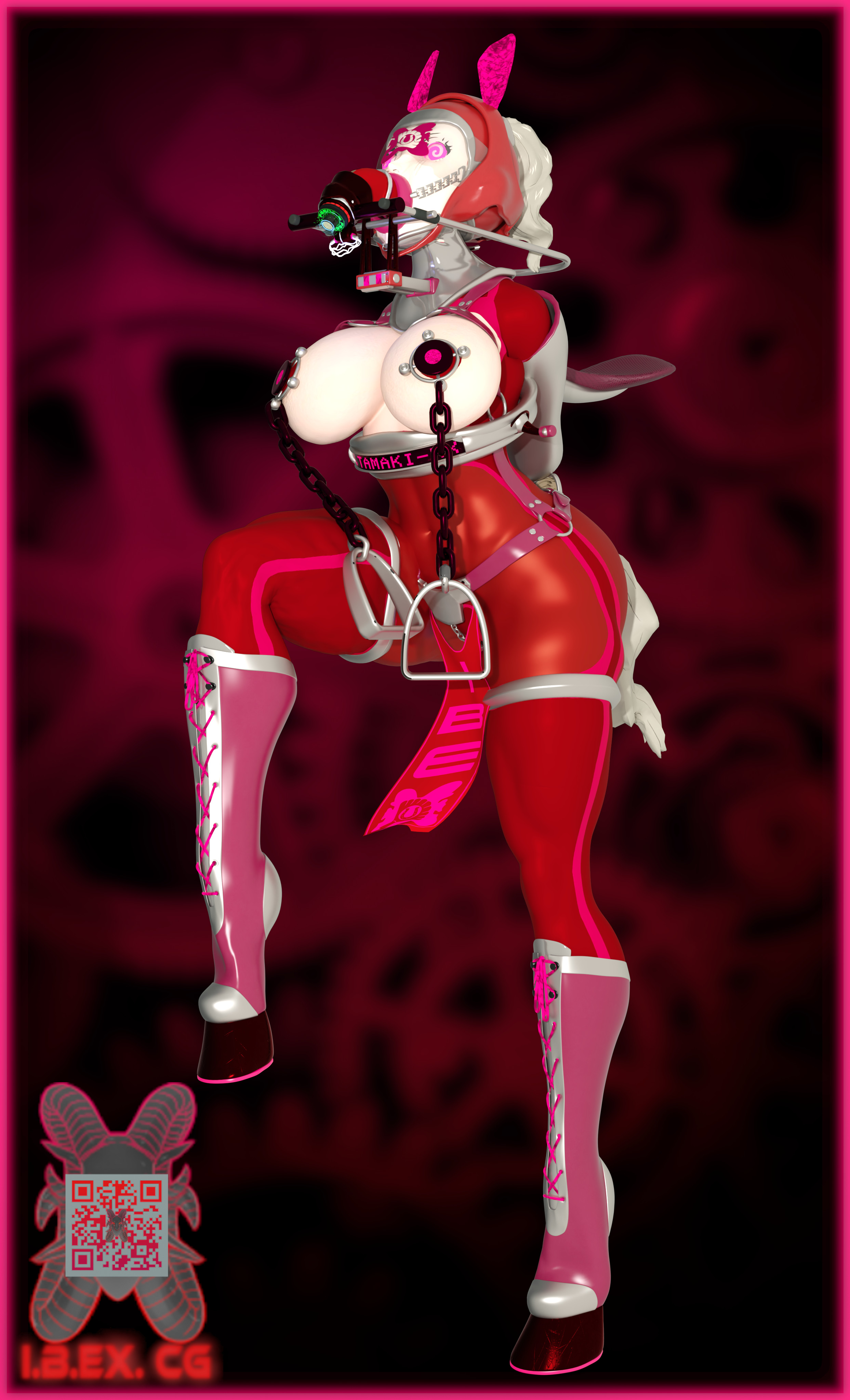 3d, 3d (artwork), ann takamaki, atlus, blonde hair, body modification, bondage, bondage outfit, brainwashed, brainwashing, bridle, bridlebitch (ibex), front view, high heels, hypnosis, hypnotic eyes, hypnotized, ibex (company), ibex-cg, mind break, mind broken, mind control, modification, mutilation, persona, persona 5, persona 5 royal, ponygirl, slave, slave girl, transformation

=======

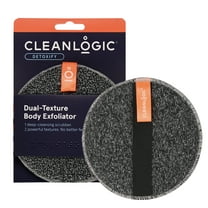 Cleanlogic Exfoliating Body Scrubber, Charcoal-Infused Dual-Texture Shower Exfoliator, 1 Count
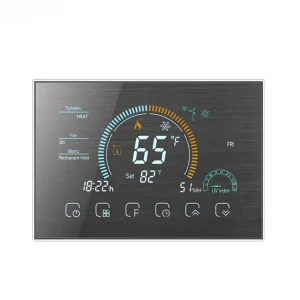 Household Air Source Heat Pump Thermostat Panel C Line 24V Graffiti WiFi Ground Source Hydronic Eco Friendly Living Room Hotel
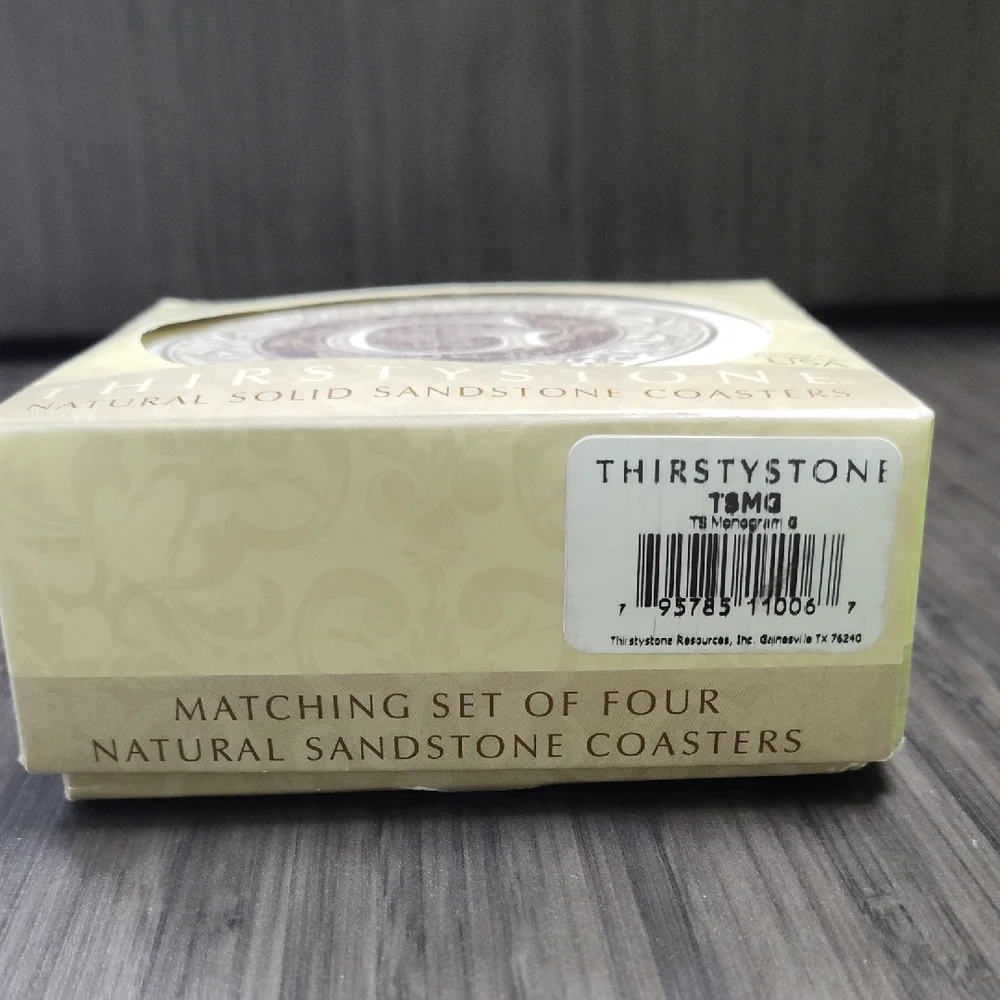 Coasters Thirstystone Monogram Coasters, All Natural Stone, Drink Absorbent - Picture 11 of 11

=======

In the records above, find the line containing "Household Air Source" and the line containing "Coasters Thirstystone Monogram", then give both of them again word for word along with every line between. Omit any pictures.

 Household Air Source Heat Pump Thermostat Panel C Line 24V Graffiti WiFi Ground Source Hydronic Eco Friendly Living Room Hotel
 Coasters Thirstystone Monogram Coasters, All Natural Stone, Drink Absorbent - Picture 11 of 11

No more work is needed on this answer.